Cost of Locally Approximating High-Dimensional Ground States of Contextual Quantum Models

TL;DR

This paper investigates the challenges and resource costs of simulating high-dimensional ground states of contextual quantum models using qubit-based quantum circuits, focusing on local approximations and permutation-symmetric encoding.

Contribution

It introduces a universal set of permutation-symmetry preserving qubit gates for simulating qutrit-based local ground states, enabling resource assessment of such simulations.

Findings

Lower energy density ground states are easier to simulate.

Permutation-symmetric encoding effectively represents qutrit local states.

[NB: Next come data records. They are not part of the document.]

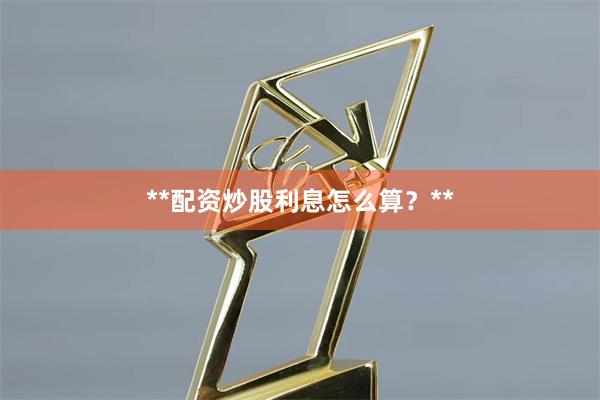 **配资炒股利息怎么算？**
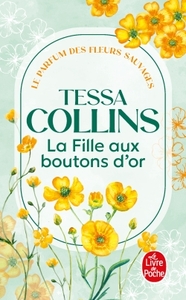 La Fille aux boutons d'or (Le Parfum des fleurs sauvages, Tome 2)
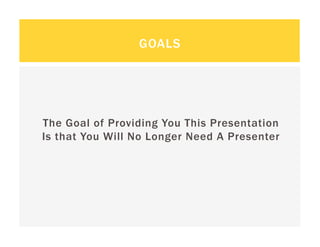 GOALS




The Goal of Providing You This Presentation
Is that You Will No Longer Need A Presenter
 
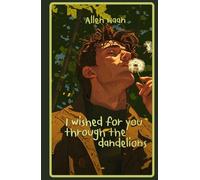I wished for you through the dandelions
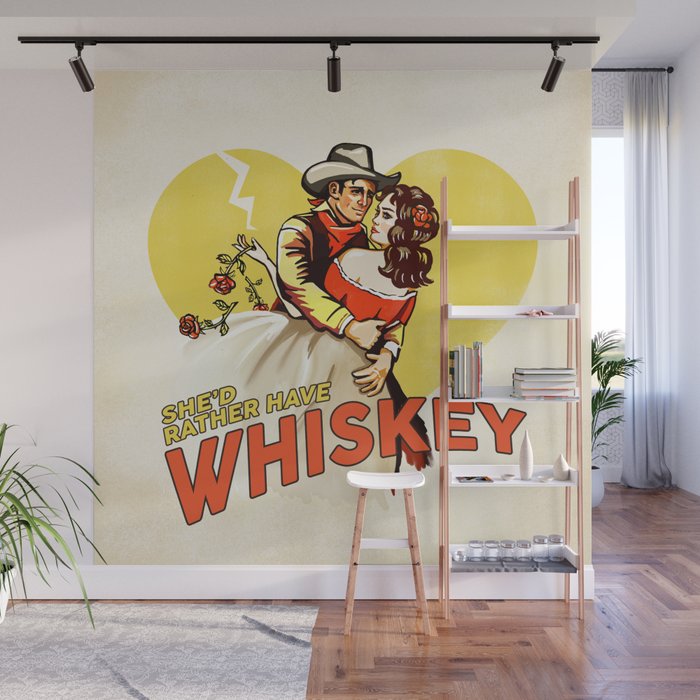 "She'd Rather Have Whiskey" Vintage Western Art Wall Mural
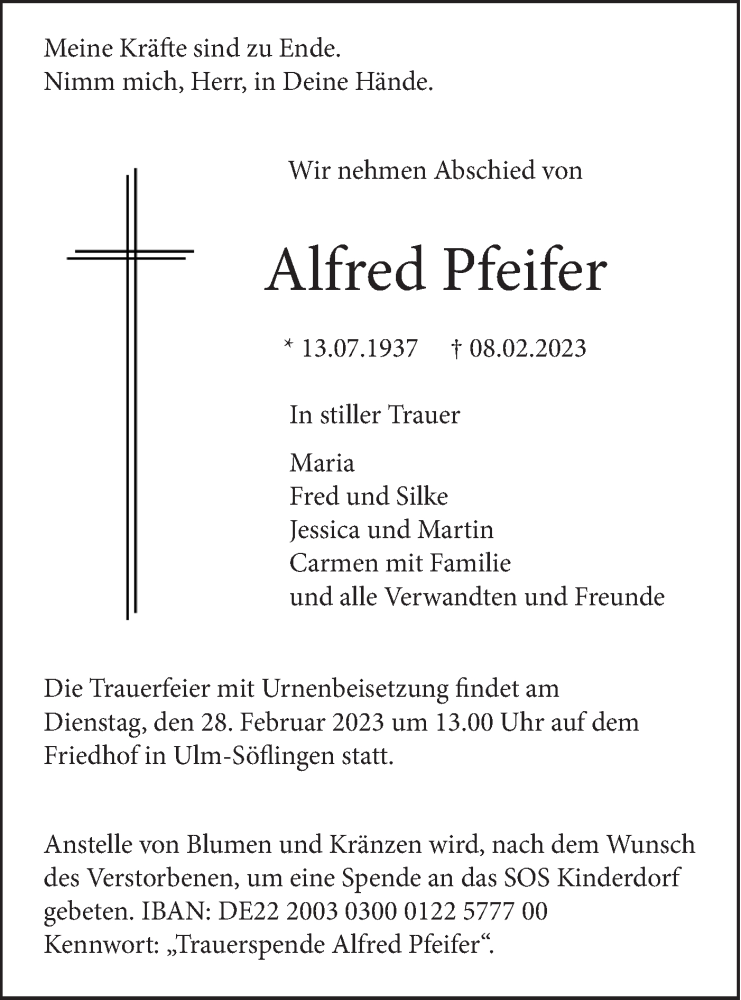  Traueranzeige für Alfred Pfeifer vom 18.02.2023 aus SÜDWEST PRESSE Ausgabe Ulm/Neu-Ulm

Simulation accuracy depends on quantum resources and circuit iterations.

Abstract

Contextuality, one of the strongest forms of quantum correlations, delineates the quantum world and the classical one. It has been shown recently that some quantum models, in the form of infinite one-dimensional translation-invariant Hamiltonians with nearest- and next-to-nearest-neighbor interactions, have the lowest ground state energy density allowed in quantum physics. However, these models all have local Hilbert space dimension larger than two, making the study of their ground state behavior difficult on current qubit-based variational quantum simulation platforms. In this work, we focus on the cost of simulating the local approximations of ground states of these models using qubit-based parameterized quantum circuits. The local approximations, which are 3-site reduced density matrices with local Hilbert space dimension three, are purified then encoded into permutation-symmetric qubits. We develop a universal set of permutation-symmetry preserving qubit-based gates, using them as an ansatz to simulate parameterized quantum circuits designed for qutrits. These techniques allow us to assess the accuracy of simulating the purified local ground states with respect to a fixed amount of classical and quantum resources. We found that given the same quantum circuit and the number of iterations, more contextual ground states with lower energy density are easier to simulate.